Auffallend ist zudem, dass Menschen besonders nachts empfindlich auf Lärm reagieren. Deshalb gilt in zahlreichen Regionen auch ein Nachtfahrverbot für Lastwägen. Denn ein einziger Lastwagen verursacht bei Tempo-50 einen Lärmpegel, der dem von 20 bis 25 Autos entspricht.

Die Auspuffgase:

Vom Lärm zum Gestank. Denn Verkehr stört nicht nur unsere Ohren – auch Auspuffgase hinterlassen ihre Wirkung. Doch auf diesem Gebiet hat sich viel – positives – getan. Wie das Umweltbundesamt festgestellt hat, setzen Autos und Lastwägen heute im Durchschnitt weniger Treibhausgase und Luftschadstoffe als noch im Jahr 1995 frei. Als Grund dafür gelten die Erfolge durch technische Verbesserungen wie Rußfilter für Dieselfahrzeuge oder die Einführung des Drei-Wege-Katalysators in den 1980-er Jahren.

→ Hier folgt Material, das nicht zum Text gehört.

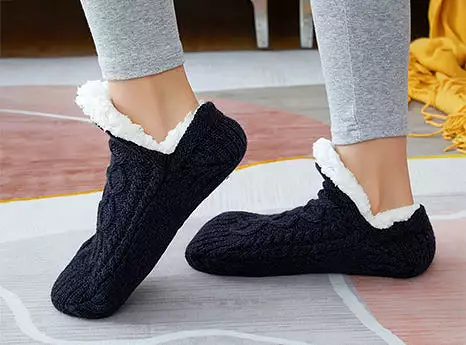 FitVille Fluffy Cozy Non-slip Slipper Socks (Unisex)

14.000 Fahrzeuge donnern täglich durch Waakirchen, auch viel Güter- und Schwerlastverkehr ist darunter

So sanken die Emissionen des Treibhausgases Kohlendioxid im Schnitt bei Autos um neun, bei Lastwägen sogar um 28 Prozent. Die Kehrseite der Medaille – heute sind viel mehr Fahrzeuge, Autos und Lastwägen, unterwegs. Mehr als tausend LKWs donnern zum Beispiel täglich auf der B 472 durch Waakirchen. 1970 waren es noch 750.

In der Gemeinde Gmund trägt die hohe Verkehrsbelastung – wie berichtet , dass die Gemeinde die lufthygienischen Voraussetzungen für eine Bestätigung als Heilklimatischer Kurort mit der Heilanzeige „Atemwegserkrankungen“ nur mit Einschränkung erfüllt.

Der Feinstaub:

Besonders vor den Schadstoffkomponenten Feinstaub und Stickstoffdioxid warnen Experten, wenn es um die Gesundheit geht. Wie in einem Kompendium des Umweltministeriums Nordrhein-Westfalen nachzulesen ist, laufen vor allem Kinder und Jugendliche Gefahr, durch Luftverschmutzung geschädigt zu werden. So liegt z.B. der Anteil asthmakranker Kinder und Jugendlicher in Deutschland aktuell bei rund 14 Prozent.

Gerade die hohen Staubbelastungen an stark befahrenen Straßen gefährden die Gesundheit, wie man in langjährigen Untersuchungen im In- und Ausland festgestellt hat. Steigt die Konzentration von Feinstaub an, so treten damit auch vermehrt Erkrankungen des Herz-Kreislauf-Systems und der Atemwege auf.

Belastungen durch Feinstaub ist das eine – dagegen gelten Bestandteile wie Ruß und Benzol als nachweislich krebserregend. Für solche Stoffe existieren jedoch keine Schwellenwerte für ein Erkrankungsrisiko. Deshalb ist gerade der Rußpartikelfilter für Dieselfahrzeuge eine wichtige Maßnahme zum Gesundheitsschutz.

Bis zu 30.000 Autos im Tal

Technische Verbesserungen bei Fahrzeugen, besserer Verkehrsfluss, strengere Abgasgrenzwerte, der Ersatz von Alt- durch Neufahrzeuge sowie Geschwindigkeitsdrosselung werden zukünftig hoffentlich zu weniger Belastungen aus dem Straßenverkehr führen. Noch besser wäre wohl die Überlegung, ob „mobil sein“ zukünftig auch anders aussehen könnte. Mit dem öffentlichen Nahverkehr ins Büro, mit dem Fahrrad zum Einkaufen und sportlich aktiv in der Freizeit beim Biken oder Joggen.

Bis zu 30.000 Fahrzeuge schleppen sich täglich durchs Tegernseer Tal. Menschen leiden unter den Belastungen. Obwohl die Bürgermeister der Talgemeinden um das Problem wissen, konnten bislang keine echten Lösungsansätze gefunden werden. Auch ein talweites Konzept existiert noch nicht. Hoffnung legen viele dabei in den Runden Tisch, bei dem Vertreter der umliegenden Kommunen zusammenwirken sollen, um eben genau diese „große Lösung“ zu finden. Am 23. Juni soll dieser stattfinden, wie Waakirchens Bürgermeister Hartl letzte Woche angekündigt hat.